Attorney Andrew Cohen analyzes legal issues for CBSNews.com.



The next time you have an urge to declare someone guilty before trial, someone like, say, Scott Peterson or Martha Stewart, think of Lizzie White. The next time you hear a post-arrest press conference where prosecutors and the police declare their case a slam dunk, think of Joe Moore. The next time you think that monstrous injustice is a thing of the past in our legal system, think of the Tulia Twelve.

The West Texas defendants -- White and Moore among them -- who were falsely accused and then improperly convicted for drug trafficking represent the flip side of the legal lollapalooza we've seen lately in the Peterson and Stewart cases. No slick lawyer came on television after these men and women were arrested back in 1999 to spin their cases for the primetime talk shows. No one covered the hearings or trials live on cable news or produced one-hour specials full of slow-motion action shots. No witness hired her own attorney to handle media requests and potential book deals.

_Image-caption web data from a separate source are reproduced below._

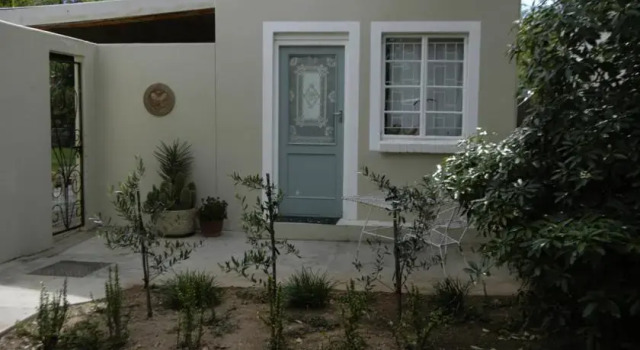 Daisy Tree Cottage, Забронировать Дом для отпуска Отели Оудсхорн с парковкой, рядом с CP Nel Museum, Парковка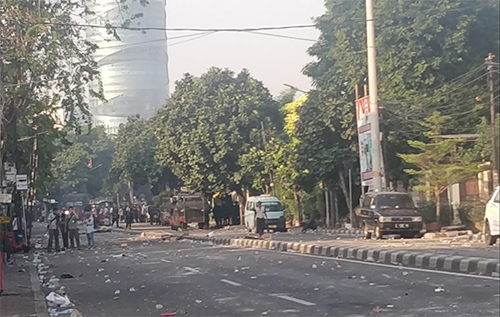 Buntut Demo di Bawaslu, Polisi Masih Blokade Beberapa Jalan di Petamburan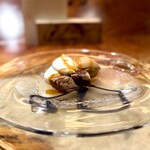 IL TEATRINO DA SALONE - カカオ餅､アプリコット､レンズ豆のわらび餅風デザート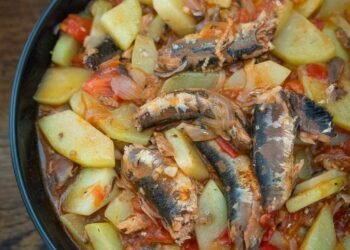 Ginisang Sayote at Sardinas – Panlasang Pinoy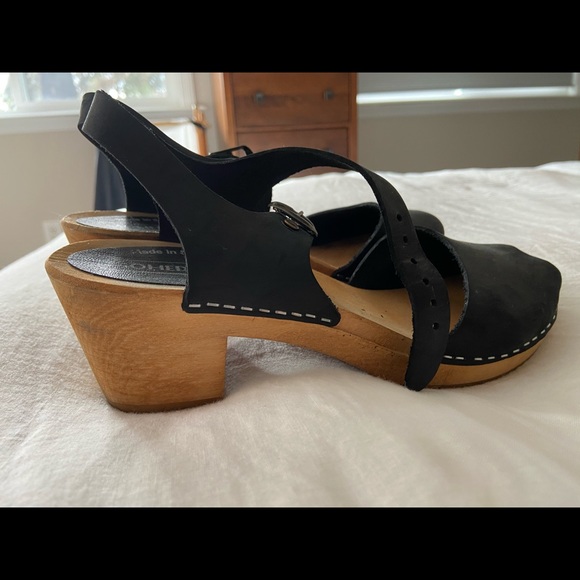 Moheda MOA nubuk clogs - Picture 3 of 5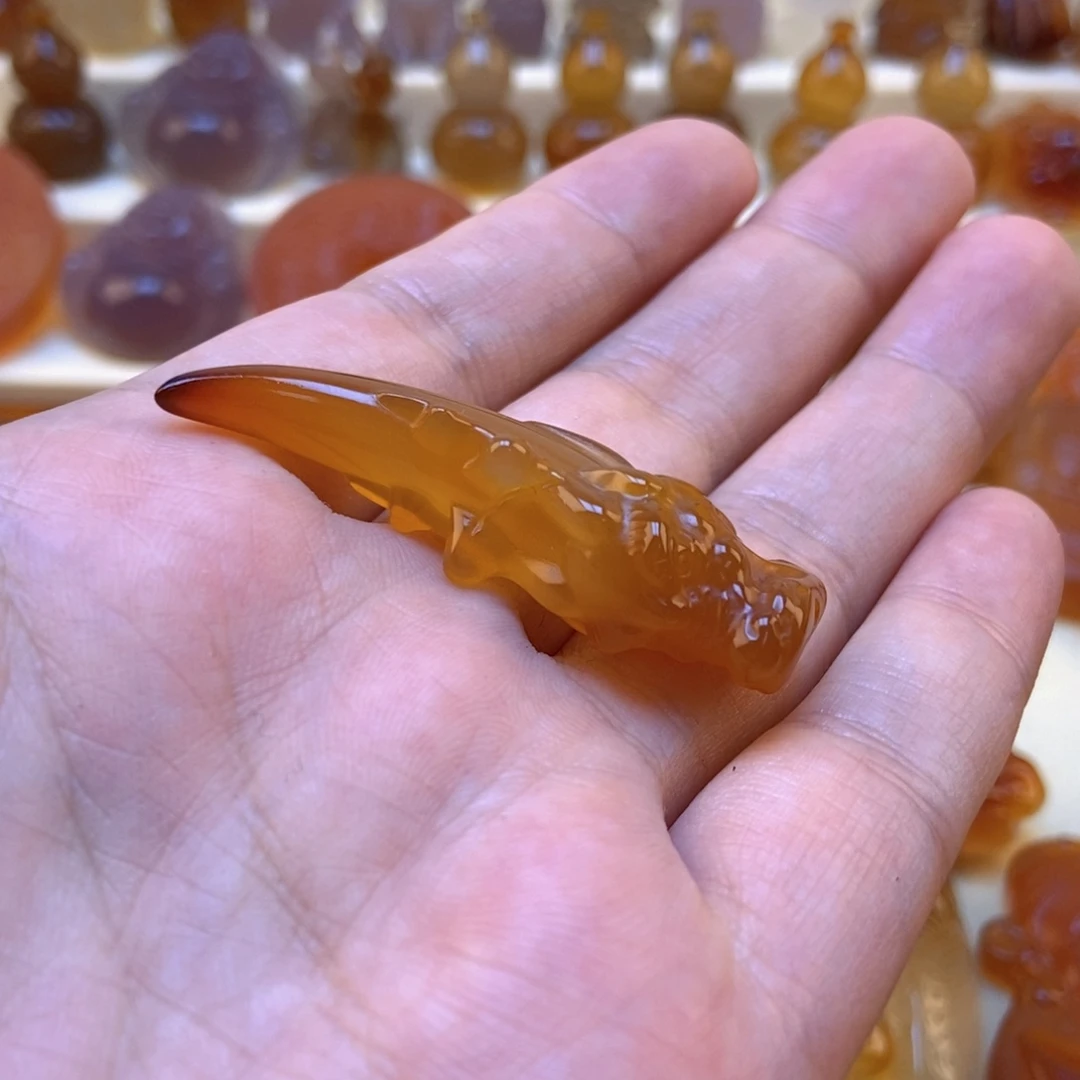 玛瑙/玉髓吊坠(赠链)未镶嵌?***?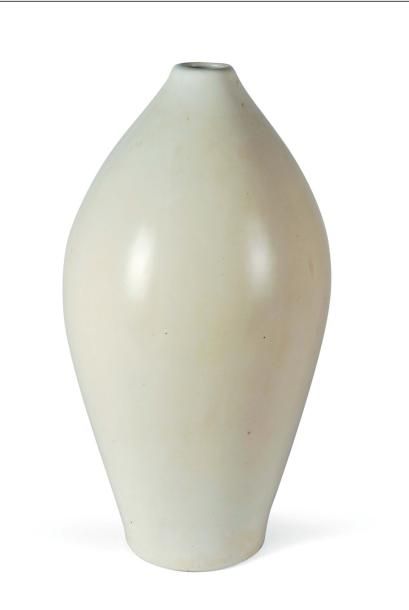 TOINI MUONA (1904-1987) Vase Céramique blanche. Édition Arabia. Vers 1950. H_36 ...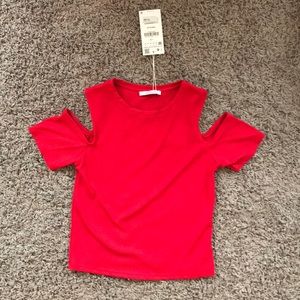 Form fitting red top from Zara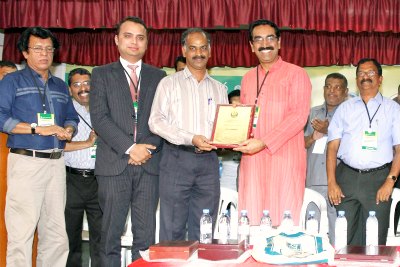 green-voice-media-award-for-bs-nisamudheen-ePathram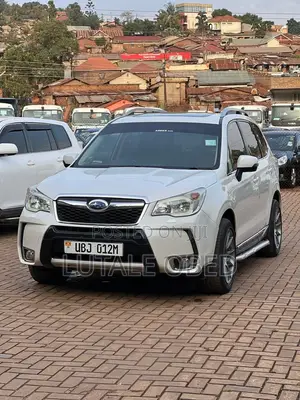 Subaru Forester 2.0XT Premium 4dr SUV AWD (2.0L 4cyl Turbo CVT) 2014 White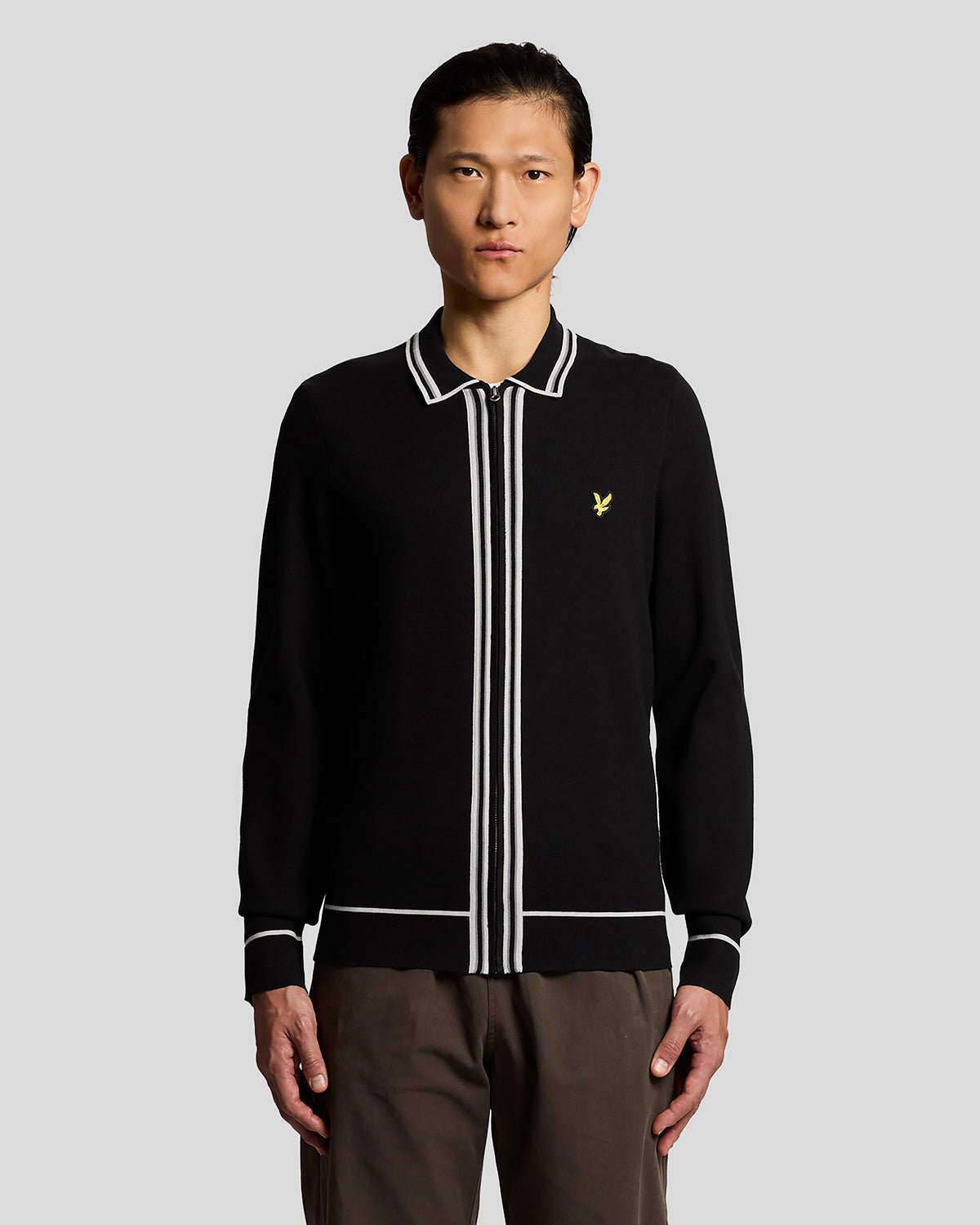 Lyle & Scott Men's  Tipped Full Zip Knitted Jumper in Size XS, BrandAlley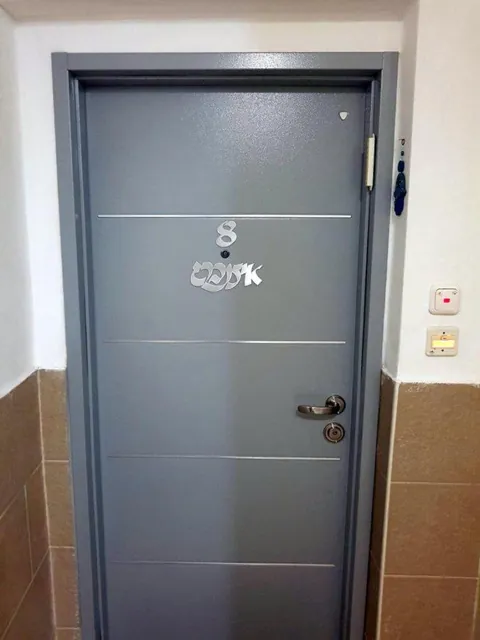 שלט על דלת
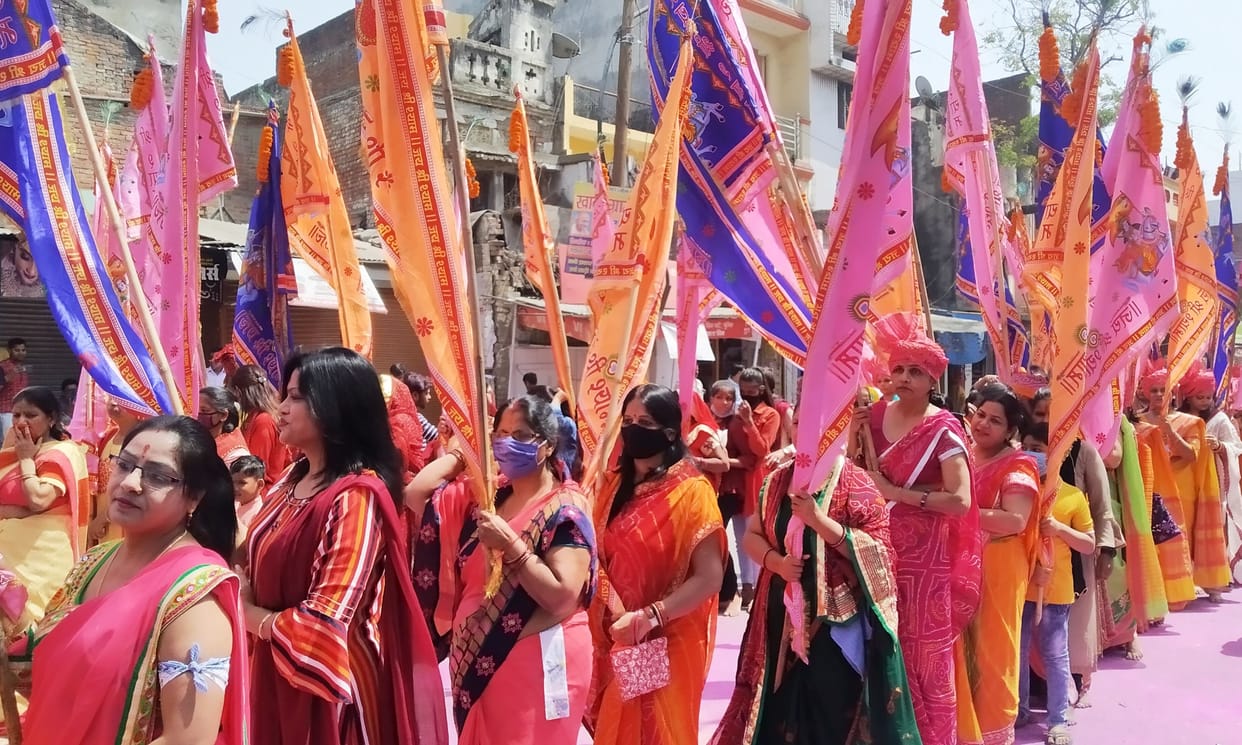 Take Shyam flag in your hands, take faith in mind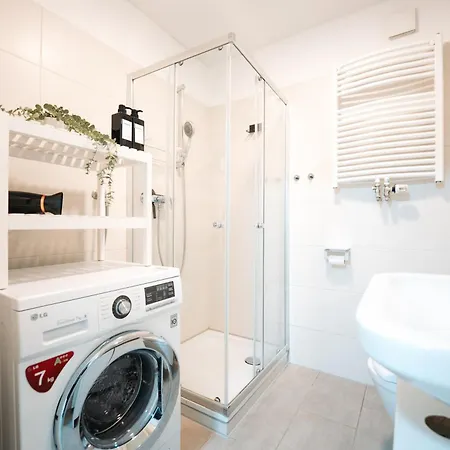 Modernes Mit Balkon Am Hbf Apartment *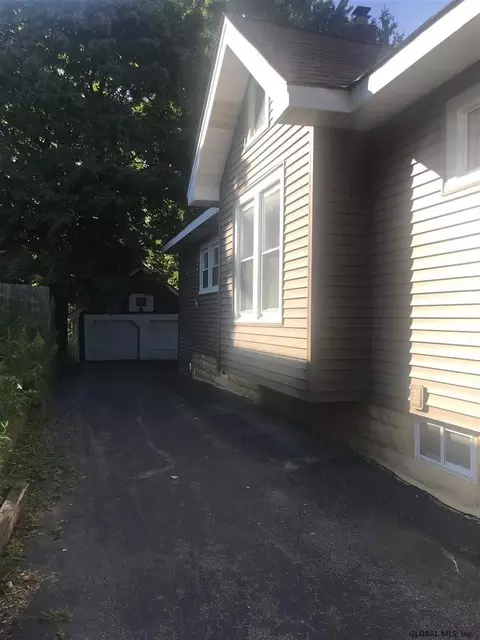 42 Jackson Ave, Schenectady, NY 12304 photo 4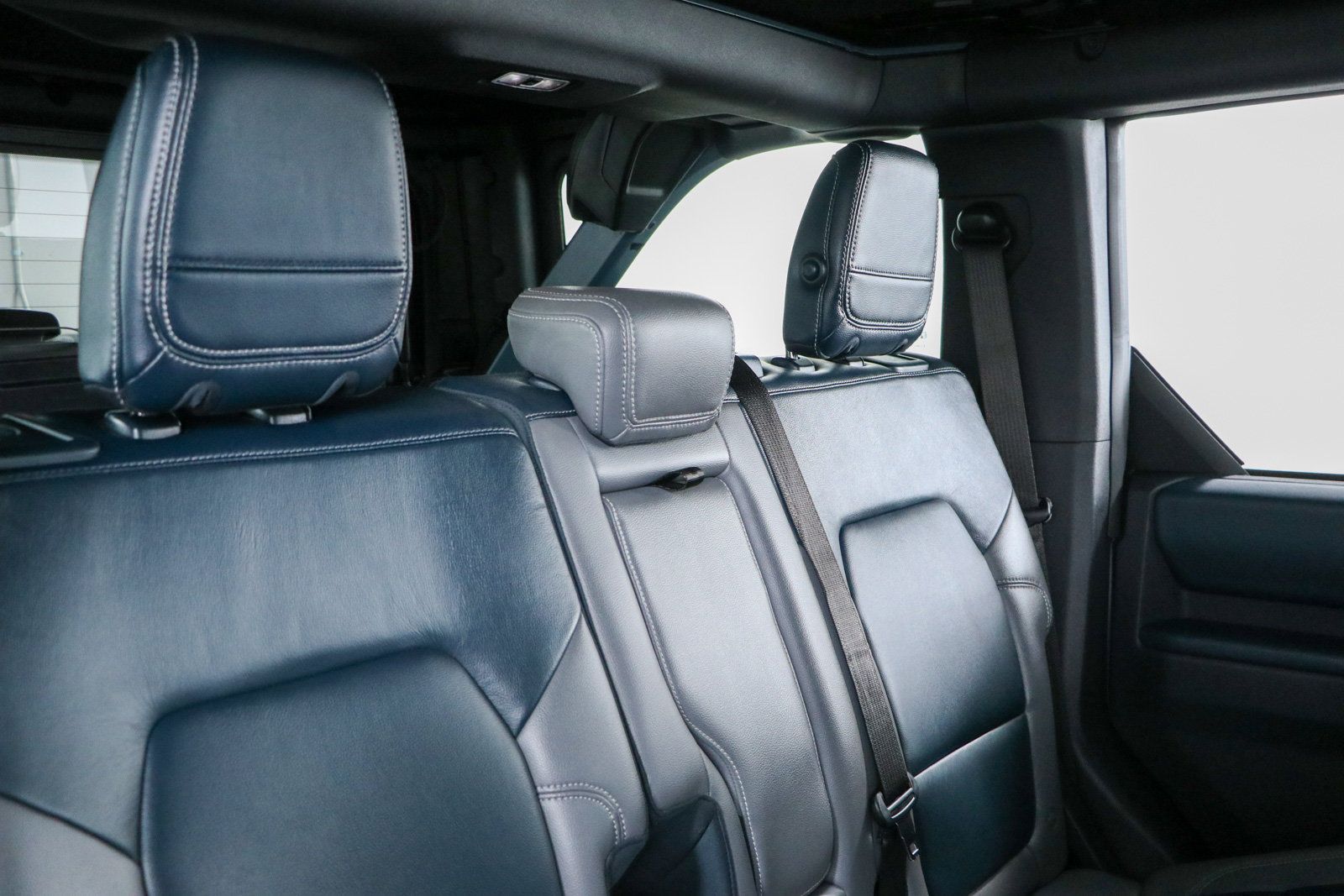 Used 2021 Ford Bronco First Edition AWD/4WD image 28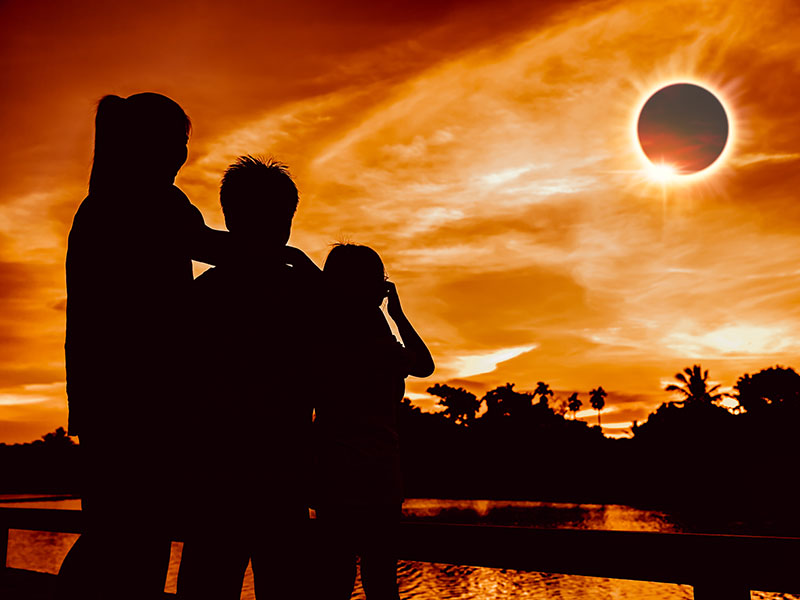 Dos Emocionantes Eventos Celestiales: Eclipses Totales de Sol en Espaa en Aos Consecutivos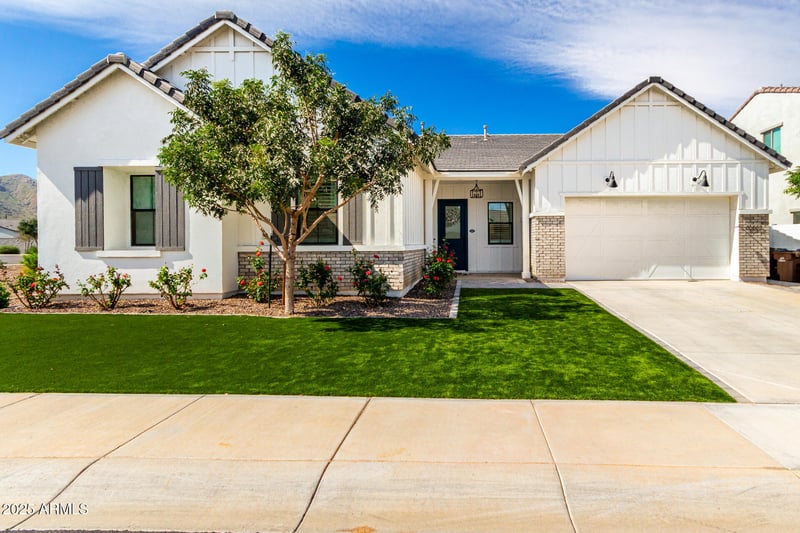 35562 Gemstone Way, San Tan Valley, AZ 85144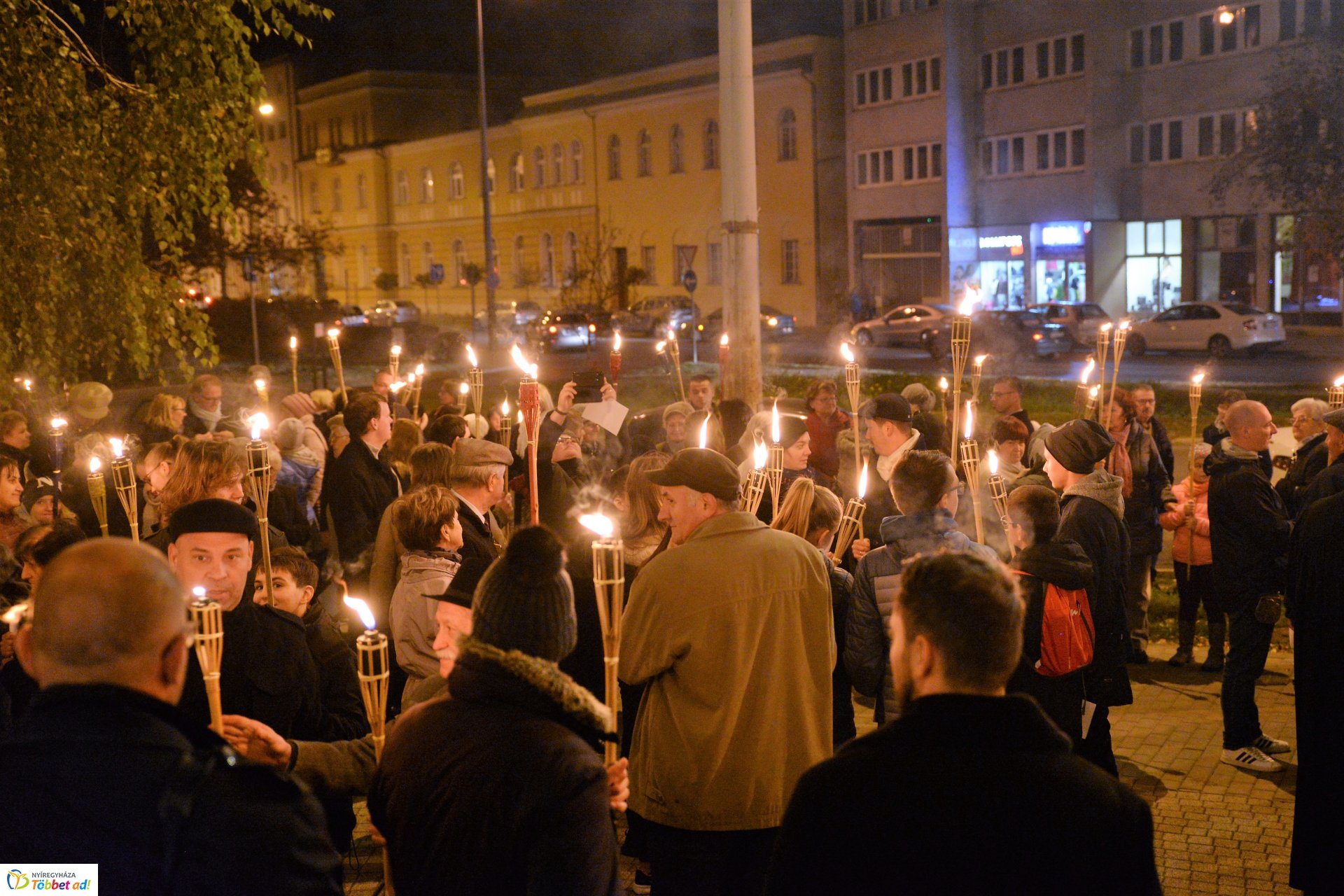 Fáklyás felvonulás Nyíregyháza belvárosában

Instead, as the Washington Post reported, "in eight lightning-quick trials, juries with virtually no black members handed down blisteringly tough sentences -- even though the sweeps turned up no drugs, weapons, paraphernalia or other signs of drug dealing." When the rest of the defendants saw that -- Jim Crow justice 50 years after it was supposed to have been outlawed -- they quickly pleaded guilty themselves in order to give themselves at least a shot at a lighter sentence. And then they languished in jail, knowing they were innocent of those charges, until sufficient legal momentum and good old-fashioned outrage did something about it.

These convictions and guilty pleas occurred before anyone suspected that the lone detective who carried out the undercover investigation was himself a bit of a fraud. Tom Coleman, now under indictment himself, "did not record his purchases, and he worked alone. His notes sometimes consisted of his jotting down broad information about sales on his leg," the New York Times reported. There is nothing inherently illegal or improper about that. But defense attorneys, prosecutors and the judge now agree that Coleman engaged in "blatant perjury" while on the witness stand in the cases and was "the most devious" witness the judge had witnessed in his "25 years on the bench in Texas."

Jayson Blair meets C.S.I. Miami, you might say. Yet Coleman's testimony, alone, was enough to put people in jail, some under sentences as long as 90 years. That tells you all you need to know about easy and simple it is to twist all the preconceived notions and assumptions we have about fair and equal justice in America. And in this Age of Laci and Larry King, when people are so quick to make such important judgments about people they've never met based upon evidence they've never seen, it's hard to imagine a better time in the history of the law for a story that reminds people that things are rarely what they seem.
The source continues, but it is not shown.